Electric cars are not the answer - yet

It must be my week to bash environmental ideas. Yesterday's announcement by the Government for grants of up to £5,000 for people to buy electric and plug-in hybrid cars from 2011 will do precisely nothing to curb the UK's carbon emissions.

Well, not quite precisely nothing. Road transport currently accounts for about 21% of the UK's carbon emissions. The £250m the Government announced yesterday is aimed at trebling the number of electric cars on the road, which sounds impressive until you realise that they would still only account for 0.3% of vehicles. If you do the maths, that means the increase in electric vehicles will get rid of approximately 0.063% of the UK's carbon emissions (actually slightly less than that, as the production and recharging of electric cars would still produce a certain amount of carbon emissions).

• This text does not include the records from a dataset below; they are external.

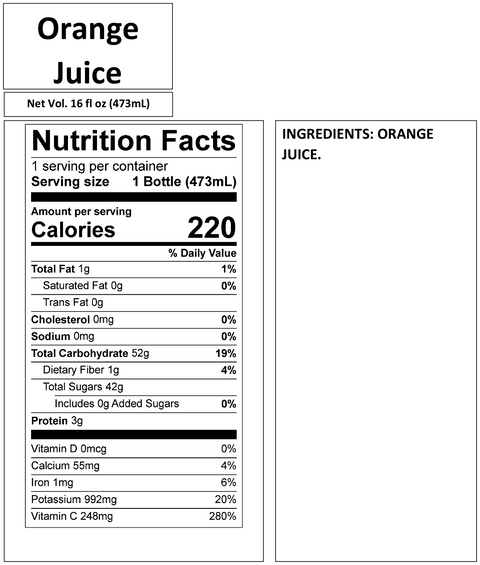 ORANGE JUICE 16 OZ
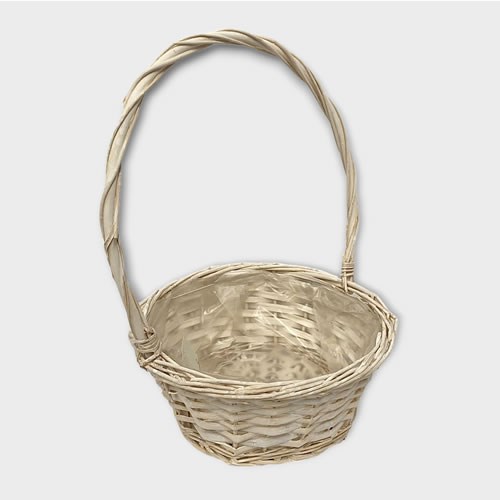 White Willow Basket with Handle 34cm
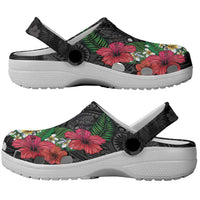 Hawaiian Tropical Plants and Turtles Clogs Shoes Polynesian Art Motifs LT03 - Polynesian Pride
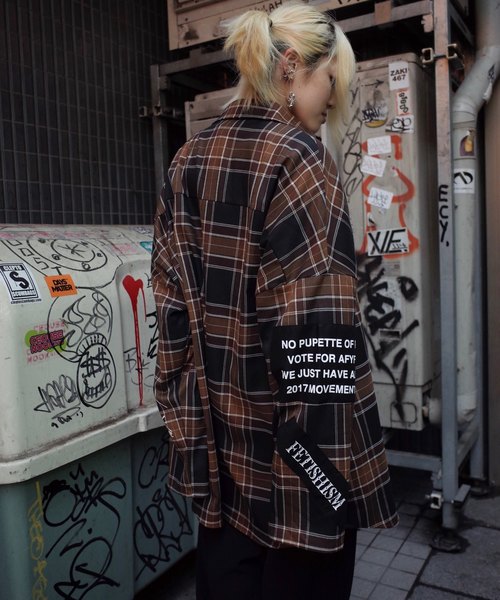 rovtski（ロフトスキー）の「【ビッグシルエット】2019 AUTUMN CHECKLONG ZIP SHIRT F/オーバーサイズ チェックロングZIPシャツ（シャツ/ブラウス・レディース・ブラウン系その他/イエロー系その他/レッド系その他/ブラック系その他・FREE）」の6枚目の写真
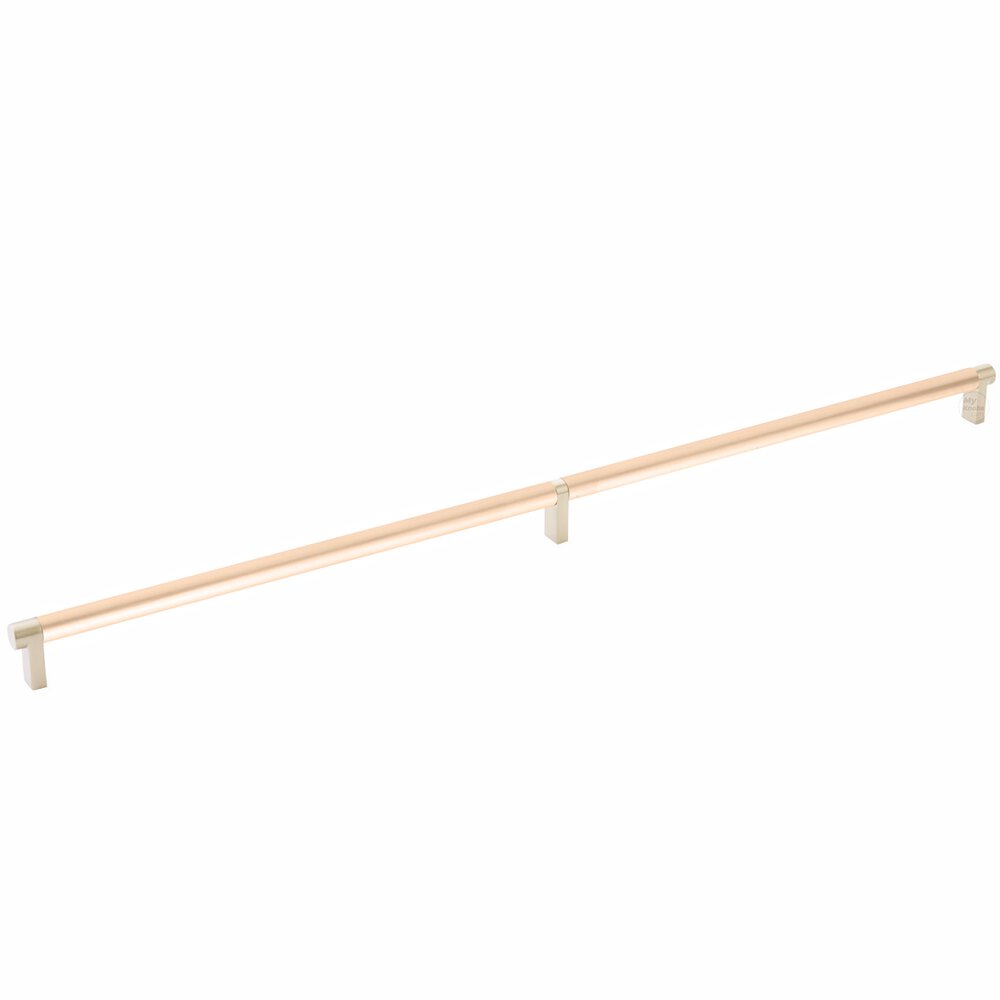 24" Centers Rectangular Stem in Satin Brass And Smooth Bar in Satin Copper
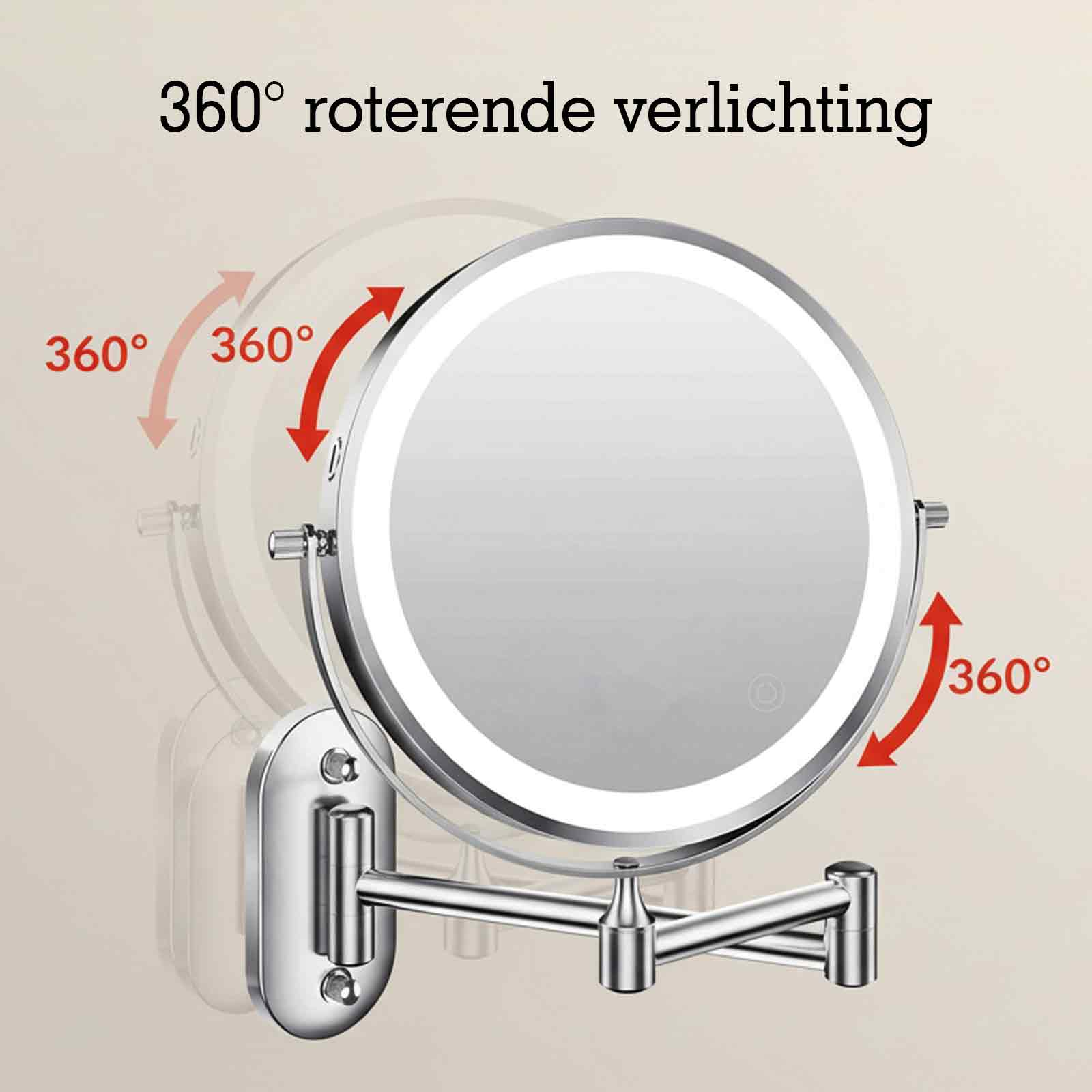 Ein runder Spiegel mit Beleuchtung an einem schwenkbaren Arm, der 360 Grad dreht.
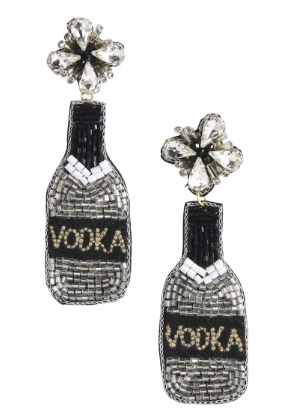Mudpie Champagne Beaded Earrings: Black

I would gently suggest that this is utterly irrelevant. I suspect it would be far more effective to encourage people to convert from gas guzzling cars to more fuel efficient motors, such as the Fiat Panda diesel that I drive.

And another reason why the £250m the Government's spending on this is going to be wasted is that electric cars are not yet at the stage where they are a reliable enough form of motoring for most people. Most electric cars have a fairly limited range and take a significant amount of time to recharge the batteries. Until electric cars have a range of about 200 miles and take about half an hour to recharge their batteries (ie the amount of time many motorists would spend in a motorway service station), I suspect I, like 99.7% of motorists, will not be interested in buying one.

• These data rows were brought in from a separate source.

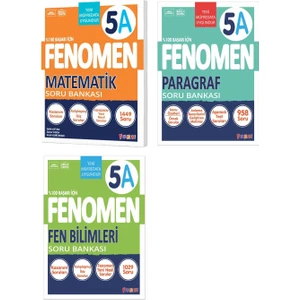 Fenomen Yayınları 2025 5. Sınıf Matematik - Paragraf - Fen Bilimleri A Serisi Soru Seti 3 Kitap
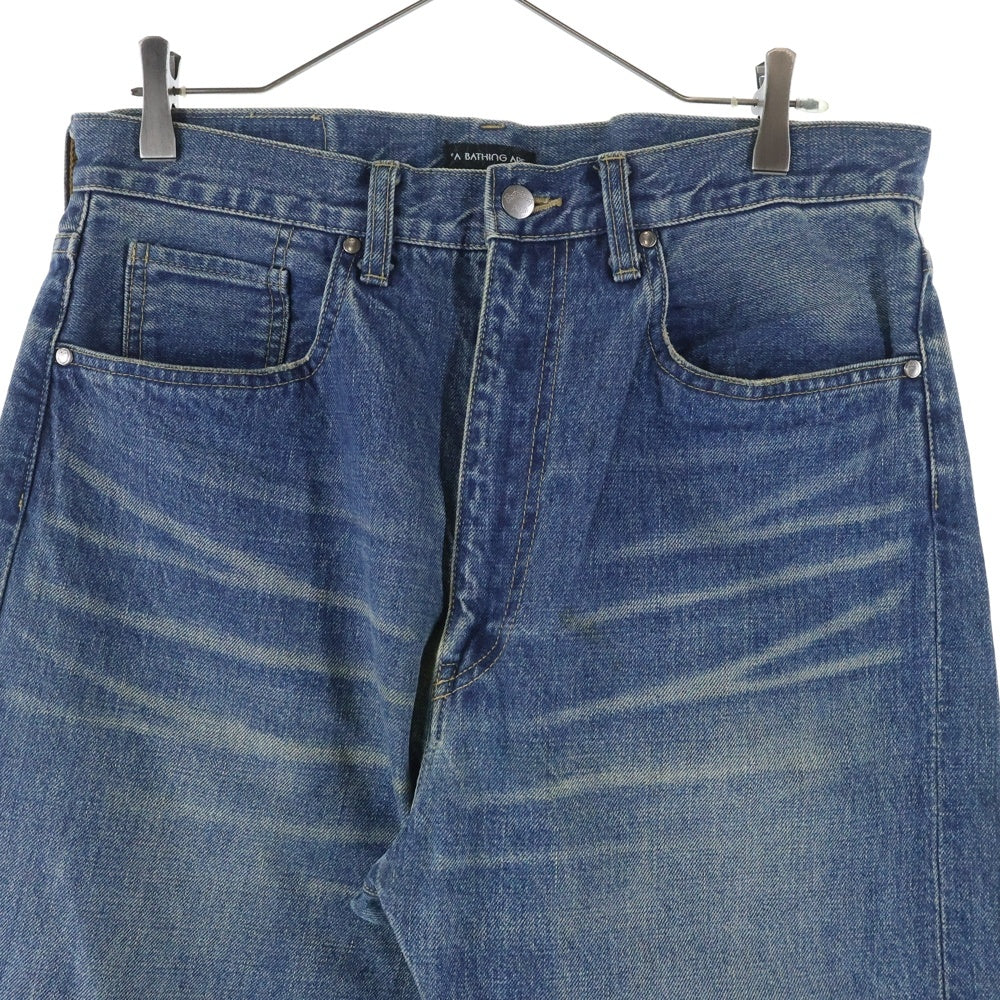 A BATHING APE(アベイシングエイプ) BAPE STA カモロゴプリント ジップフライ デニムパンツ インディゴ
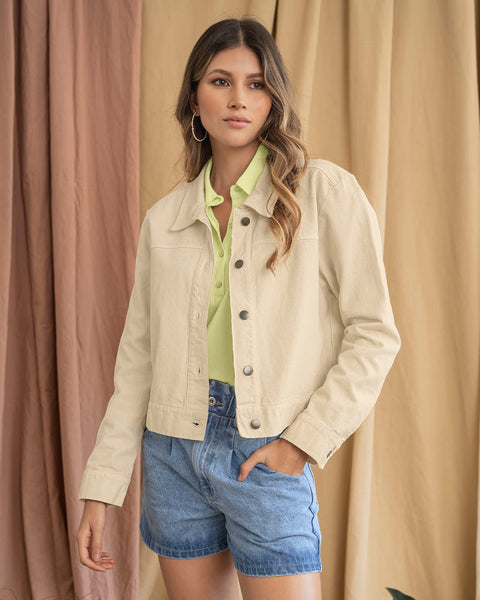 Chaqueta manga larga tipo crop#color_018-vainilla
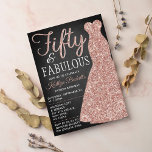 Convite Vestido brilhante elegante | 50 e fabuloso Anivers<br><div class="desc">Celebre em estilo com estes vestidos elegantes e elegantes de glitter rosa de ouro de 50º Aniversário. O design é fácil de personalizar e seus convidados ficarão entusiasmados quando receberem esses convites para na moda.</div>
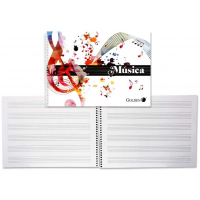 Golden Cuaderno de Musica Pentagramas - 20 Hojas - Interlineado de 3mm - Papel de 100gr Partituras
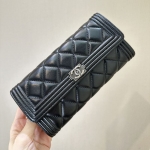 シャネル ボーイシャネル ロング フラップウォレット キャビアスキン 2つ折り長財布 A80286 B01490 94305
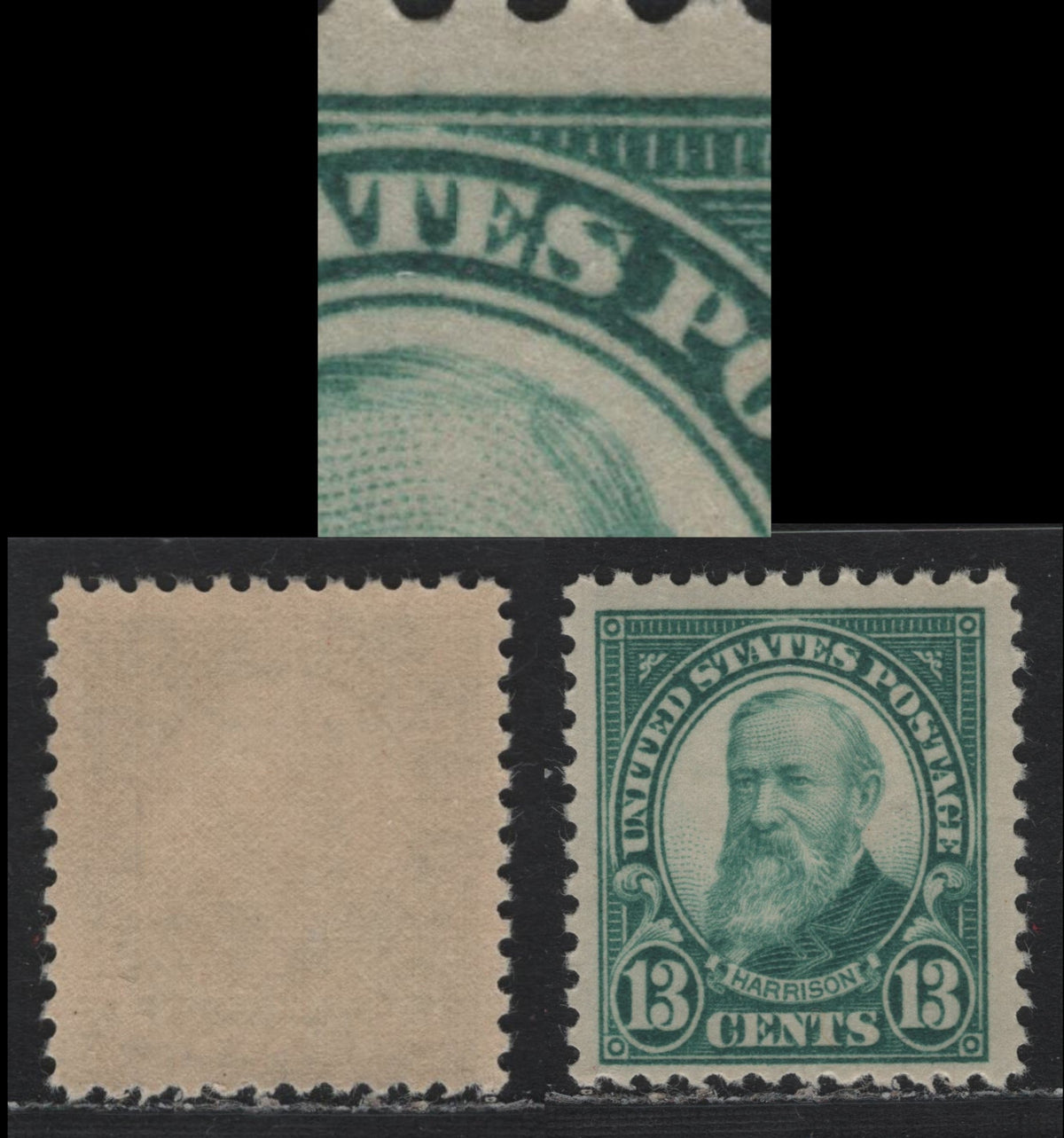 Lot 28 United States SC#622var 13c Blue Green , 1922-1926 4th Bureau Issue, A VFNH Single, Flat Plate Printing, Unlisted Slash Through Top of S of States, Pos. 2 Of The Upper Left Pane.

The £250m would be far better spent on helping manufacturers improve battery technology substantially rather than being used to subsidise the purchase of the inadequate electric cars we have at the moment. Yesterday's announcement was far more about the Government wanting to be seen to be green than about any practical action to reduce carbon emissions from road transport.

1 comment:

Political Dissuasion said...

Thank you!!!

I've said it before, and I'll say it again...these are not "green" policies. The may be slightly greener than the olden days, but the impact will be minimal!

There are new electric cars in America that have been developed (and are out, on sale, not just concept cars) which are fuelled by hydrogen, which in tuen powers the battery - tihs only emits steam. Steam = water. THIS is an environmental technology. Throwing money at a still dirty UK car industry to keep the unions happy and try to fake a green policy-drive is a laughable, joke of an appraoch by Brown.